In an essay in the Times Literary Supplement (August 11; subscription required), Barton Swaim confesses that he has long been “mildly irritated” by the term “intellectual honesty.” That is not surprising coming from a speechwriter for South Carolina’s former governor Mark Sanford, an anti-government fiscal conservative whose ambition is only exceeded by his lack of shame. Swaim, whose name could easily be taken from an Evelyn Waugh novel, wrote a well-received memoir, The Speechwriter, of his time serving the mercurial Sanford. Sanford is famous, of course, for pretending he was “hiking the Appalachian Trail” when in fact he was with his mistress in Buenos Aires. Despite the scandal, Sanford managed to serve out his term as governor and then get himself elected to Congress.
In the TLS, Swaim writes that he was prompted to reassess the term “intellectual honesty” by the election of Donald Trump, whose rise to the presidency has resulted, he says, in too much caterwauling from respectable pundits and commentators. Such unanimity makes Swaim “weary.” He doesn’t think Trump is a threat to democracy. Our constitutional system, he’s confident, is too strong for that. Besides, Swaim is “suspicious of consensus,” afflicted “with that writerly perversity that can’t quite be happy in any overwhelming majority.” (One wonders if his iconoclasm persists when he assesses the presidency of Ronald Reagan.)
As Swaim understands it, the consensus of enlightened opinion is that Trump isn’t “smart enough to understand the complexities of political life.” Having done time in the political netherworld, Swaim wants us to know that he is “not so sure” that is the case.” Why? “The idea that a stupid man can achieve the highest levels of success in a modern economy—extreme wealth, celebrity, the presidency—strikes me as itself pretty stupid.”

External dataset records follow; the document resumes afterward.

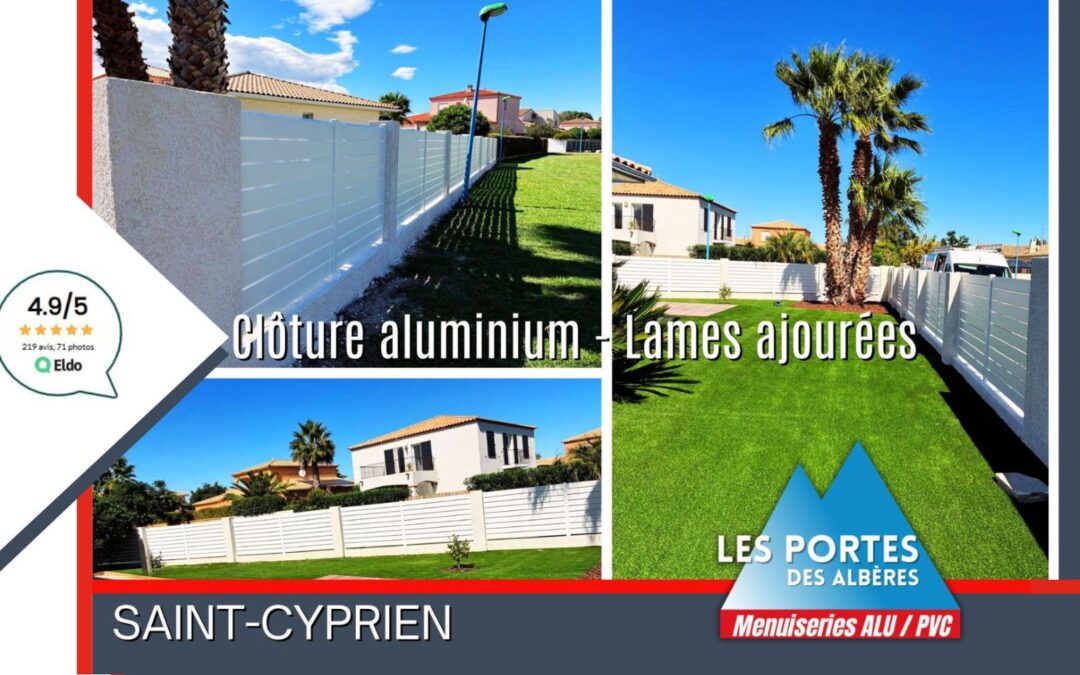 Clôture ALU avec lames ajourées à St-Cyprien (66)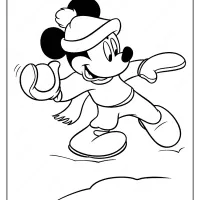 printable mickey mouse play snowball coloring page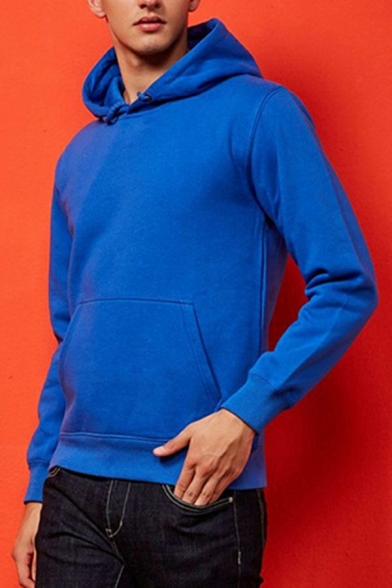 Casual Plain Men's Hoodie Front Pocket Long Sleeves Regular Fit Hooded Sweatshirt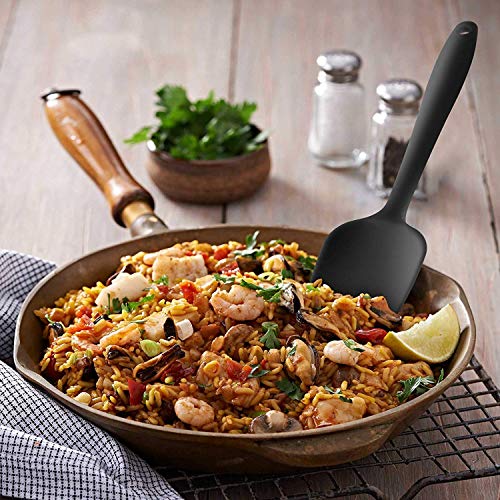 RABBONIX 5 Piece Kitchen Tool Silicone Spoonula, Spatula and Basting Brush, Heat Resistant and Non-Stick Cookware Cooking Utensil Set, Dishwasher Safe, Black - Image 4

Curiously, although Swaim’s essay is larded with irony, there is not a hint of irony in that statement; it is more like a catechism response. It is also a peculiar view coming from someone who professes to be suspicious of consensus and skeptical of popular opinion. After all, the idea that Trump’s wealth and fame somehow make him uniquely qualified to be president was the judgment made by a great many of the more than 60 million Americans who voted for him, and who are now enjoying the spectacle of their man jawboning with a nuclear-armed North Korea. “I alone can fix it,” crowed Trump the campaigner, claiming that his “success in the modern economy” was obvious evidence of his superior intellect and talents. “I went to an Ivy League school. I’m very highly educated. I know words, I have the best words.”